Jada McNair Elliott, a social worker who tends to her, recently got in touch with the Dream Foundation, a California-based wish-granting organization for adults.
Sure, they said, they'd pick up the tab for Monroe's evening out. And throw in a chauffeured white limo.
"It seems like a small wish, doesn't it?" Elliott said. "But it's a big deal for her."
Earlier Tuesday, Monroe was in her room, one she shares with a couple of residents, at a personal-care home in south Macon.
She was about to change into a black pantsuit for her big night.
She said she'd been craving Olive Garden for the longest time. She gets by on $110 a month in spending money.
She never eats out. The last time was that lonely birthday dinner nearly six years ago.
Why Olive Garden?
"Because of the advertisement on TV," she said. "It looks soooo good."
Months back, she asked the woman who bathes her how the food there tastes.
The woman told her she'd love it.
"I want a steak with some cheese and special stuff on it like they have on TV," Monroe said to the woman. "And I want me a margarita."
The other day the foundation mailed Monroe a box of goodies: a "Dream On" T-shirt, an American flag, a tiara and a perfumed blue-fabric corsage. The gifts made her cry.
She took a whiff of the fake flower and motioned to the package it came in.
"I wish the perfume was in here," she said. "I don't have any."
An oxygen tube runs ear to ear beneath her nose. She has worn it so long that it feels like part of her. She takes it off sometimes, though, to smoke her Wildhorse menthols. She said young people should stay away from cigarettes. "It's worser than drugs."
The oldest of six children, Monroe grew up in the notorious Pruitt-Igoe housing project in St. Louis. Her father, who worked at a laundry, died when she was 4.
When she was little, at Christmas her family had a silver tree with a spotlight shining on it. She used to wait until everyone was asleep and sneak out of her room to stare at the tree.
One year for Christmas she got a doll and named her Susie. She kept it until she was 16. She got pregnant.

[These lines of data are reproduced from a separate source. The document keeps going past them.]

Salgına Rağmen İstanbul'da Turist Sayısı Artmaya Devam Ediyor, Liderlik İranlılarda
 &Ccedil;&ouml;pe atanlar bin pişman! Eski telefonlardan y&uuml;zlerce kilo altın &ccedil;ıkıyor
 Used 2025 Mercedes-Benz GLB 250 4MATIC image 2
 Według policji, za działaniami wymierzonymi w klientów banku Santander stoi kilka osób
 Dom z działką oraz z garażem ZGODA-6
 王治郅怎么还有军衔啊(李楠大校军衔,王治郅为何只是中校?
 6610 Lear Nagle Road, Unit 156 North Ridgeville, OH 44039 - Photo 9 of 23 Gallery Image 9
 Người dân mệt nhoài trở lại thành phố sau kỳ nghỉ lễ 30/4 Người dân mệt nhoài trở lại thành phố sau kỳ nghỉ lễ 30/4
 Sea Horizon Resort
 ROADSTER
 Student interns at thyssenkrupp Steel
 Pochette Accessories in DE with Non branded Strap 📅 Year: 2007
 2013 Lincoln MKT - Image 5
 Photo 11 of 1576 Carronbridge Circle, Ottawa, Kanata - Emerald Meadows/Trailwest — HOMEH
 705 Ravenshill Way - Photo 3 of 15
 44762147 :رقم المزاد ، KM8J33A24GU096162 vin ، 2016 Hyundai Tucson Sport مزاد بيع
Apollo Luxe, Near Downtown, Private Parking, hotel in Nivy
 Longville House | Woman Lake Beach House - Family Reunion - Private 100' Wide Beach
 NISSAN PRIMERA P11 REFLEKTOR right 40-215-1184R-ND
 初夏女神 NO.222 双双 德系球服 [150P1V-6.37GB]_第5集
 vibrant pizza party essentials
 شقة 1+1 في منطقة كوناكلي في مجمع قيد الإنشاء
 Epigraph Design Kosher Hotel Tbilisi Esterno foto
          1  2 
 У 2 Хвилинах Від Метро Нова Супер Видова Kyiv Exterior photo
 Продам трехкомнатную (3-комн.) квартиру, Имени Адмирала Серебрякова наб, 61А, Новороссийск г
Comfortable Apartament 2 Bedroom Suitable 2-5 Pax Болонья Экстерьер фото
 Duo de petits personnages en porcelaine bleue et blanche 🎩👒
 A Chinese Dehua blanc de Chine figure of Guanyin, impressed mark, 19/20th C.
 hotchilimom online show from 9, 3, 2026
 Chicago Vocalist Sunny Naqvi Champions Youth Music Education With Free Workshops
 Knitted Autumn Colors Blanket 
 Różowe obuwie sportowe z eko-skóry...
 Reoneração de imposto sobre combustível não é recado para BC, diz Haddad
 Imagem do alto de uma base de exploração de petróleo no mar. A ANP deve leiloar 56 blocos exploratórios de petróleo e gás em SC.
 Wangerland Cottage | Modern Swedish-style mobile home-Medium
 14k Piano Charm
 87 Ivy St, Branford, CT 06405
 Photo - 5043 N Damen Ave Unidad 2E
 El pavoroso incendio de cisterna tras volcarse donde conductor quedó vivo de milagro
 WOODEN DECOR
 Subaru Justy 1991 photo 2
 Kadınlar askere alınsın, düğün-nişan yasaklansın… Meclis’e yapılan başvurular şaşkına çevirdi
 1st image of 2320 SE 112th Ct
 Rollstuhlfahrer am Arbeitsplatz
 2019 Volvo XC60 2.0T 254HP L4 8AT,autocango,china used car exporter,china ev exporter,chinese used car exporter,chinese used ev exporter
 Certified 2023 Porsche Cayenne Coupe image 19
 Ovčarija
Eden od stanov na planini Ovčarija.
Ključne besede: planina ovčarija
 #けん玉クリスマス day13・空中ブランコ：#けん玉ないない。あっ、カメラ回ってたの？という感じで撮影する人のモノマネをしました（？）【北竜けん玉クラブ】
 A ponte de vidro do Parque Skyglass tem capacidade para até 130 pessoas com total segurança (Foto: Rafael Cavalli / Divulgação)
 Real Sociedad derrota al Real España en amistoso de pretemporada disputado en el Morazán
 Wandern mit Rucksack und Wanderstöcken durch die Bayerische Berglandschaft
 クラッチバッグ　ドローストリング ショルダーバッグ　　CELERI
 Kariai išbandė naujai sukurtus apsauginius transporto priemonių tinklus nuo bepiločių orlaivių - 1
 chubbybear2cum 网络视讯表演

Her mother tossed Susie in an incinerator.
"She said I was getting ready to have my own doll," Monroe recalled.
She later worked selling clothes, then as a hotel maid, a cook at McDonald's and as a private nurse. She moved to Georgia, settling in Milledgeville, Eatonton, then Macon.
She's been sick for years and can't take care of herself. She has three children. Two daughters and a son.
"But I don't see 'em," she said.
Beside her bed sat three boxes. Her belongings. Among them, a TV, a stereo and a Regulator wall clock she bought at J.C. Penney ages ago.
Propped nearby was a piece of art, a framed drawing of a man hugging a woman. Monroe's eyes fixed on their embrace.
"When a woman and a man marry," she said, "a woman wants her husband to love her like that."
Her stuff was in boxes because she was moving to a home in Eatonton where she knows people. Her church isn't far.
When the limo showed up to take her to eat, they carted out her belongings and stowed them in the stretch, a chariot of a U-Haul.
First stop: dinner.
Next stop: the rest of her life in Eatonton.
When the limo pulled up at the crape myrtle-skirted Olive Garden near Macon Mall, Monroe said, "I'm ready to eat!"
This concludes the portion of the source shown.